50
Effect of Lithium Salts on the Cycle Life of Lithium Sulphur Cells

Tuesday, 7 October 2014
Expo Center, 1st Floor, Center and Right Foyers (Moon Palace Resort)
V. Kolosnitsyn, E. Karaseva, E. Kuzmina, and L. Sheina (Institution of the Russian Academy of Sciences Institute of Organic Chemistry of Ufa Scientific Centre of the Russian Academy of Sciences)
The lithium sulphur electrochemical system has high value of theoretical specific energy – 2600 Wh/kg. However a real reached specific energy of prototypes of lithium sulphur batteries is only 6-15% (150-400 Wh/kg) against theoretical expected value. The main reason of that is great share of accessory components – 70-80%, from which an electrolyte share is 40-60%.

Necessity of using a great volume of electrolyte is caused by multifunctionality of electrolyte in lithium sulphur cells:

  • ion transport between electrodes;
  • sulphur dissolution;
  • lithium polysulphides solvation and dissolution;
  • stabilization of the necessary molecular and ionic forms of lithium polysulphides.
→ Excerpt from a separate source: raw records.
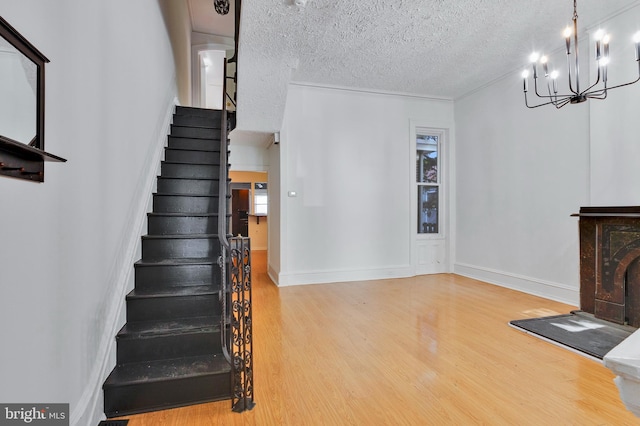 staircase featuring a textured ceiling, wood-type flooring, and a chandelier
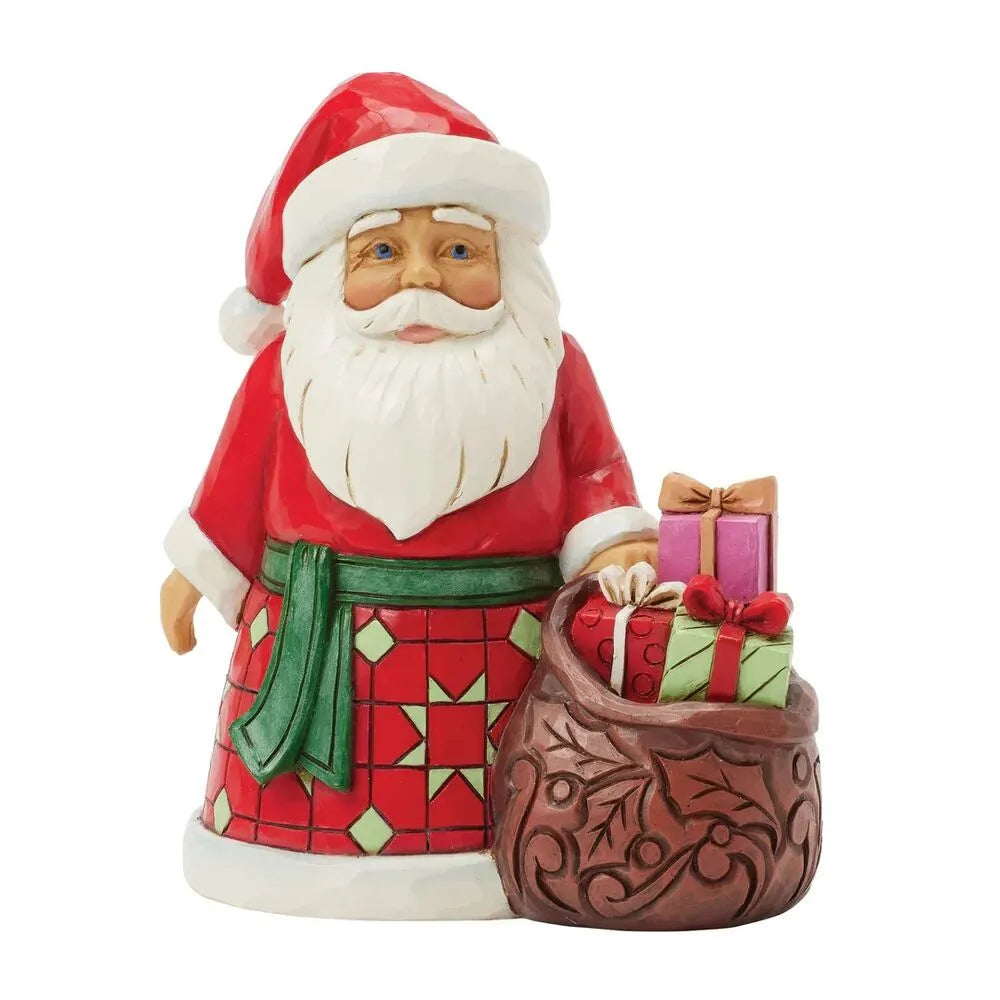 Front view of Santa figurine in red and green geometric patterned robe, standing beside a scrollwork sack overflowing with wrapped gifts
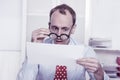 Short sighted at work - balding businessman looking through glasses at document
A problem of high rate of capacity fading of lithium sulphur batteries during cycling is another problem which should be solved for commercial application of these batteries.

Both problems are caused by feature of lithium sulphur batteries – transformation of sulphur and lithium sulphide into lithium polysulphides readily dissolves in the electrolytes. Solubility of lithium polysulphides and the forms of their existence in electrolytes are basically determined by electrolyte salt and nature of solvent. Therefore characteristics of lithium sulphur batteries should also depend on electrolyte salt and nature of solvent.

The aim of the present work is to estimate an effect of lithium salts and amount of electrolyte on the cycle life of lithium sulphur cells.

A study of the electrochemical properties of lithium sulphur cells was carried out in Swagelok type cell. The sulphur (working) electrodes consisted of 70 wt.% sulphur, 10 wt.% carbon and 20 wt.% binder. The sulphur electrodes had an average loading of 1.2 mg sulphur per cm2. Lithium metal foil (99.9%, LE-1, Russia) with the thickness of 80 μm was used as the auxiliary electrode. 1M LiClO4 and 1M LiSO3CF3 in sulfolane were used as the electrolytes. Amount of electrolyte into cells was 1.0; 1.5; 2.0; 3.0 and 4.0 μl/mAh(S). Porous polypropylene Celgard® 3501 was used as the separator. The lithium sulphur cells were assembled by stacking lithium electrode, separator containing electrolyte and sulphur electrode. Electrolyte preparation, lithium electrode manufacture and lithium sulphur cells assembly were all carried out in dry air filled glove box.

The charge and discharge performances of the assembled cells were investigated with a PG12-100 potentiostat between 1.5 V and 2.8 V at +30 oC. The charge current density was 0.1 mA/cm2, the discharge current density was 0.2 mA/cm2.

It has shown, that lithium salt has no effect on the shape of discharge curves (fig.a and fig.c), but has an effect on the rate of capacity fading and cycle life of lithium sulphur cells (fig.b and fig.d).

Irrespective of amount of 1M LiClO4 in sulfolane the discharge capacity of lithium sulphur cells primarily decreases dramatically on about 40-50 %, then rate of capacity fading decreases and capacity stabilizes. Cycle life of these cells does not practically depend on amount of electrolyte (fig.b).

For 1M LiSO3CF3 in sulfolane rate of discharge capacity fading of lithium sulphur cells depends on amount of electrolyte. The increase of amount of electrolyte into cells leads to reduction of rate of discharge capacity fading during cycling and to increase of cycle life (fig.d).

This study was carried out under project of Russian Academy of Sciences No. 01201152192 and also partially supported by RFBR, research project No 13-00-14056.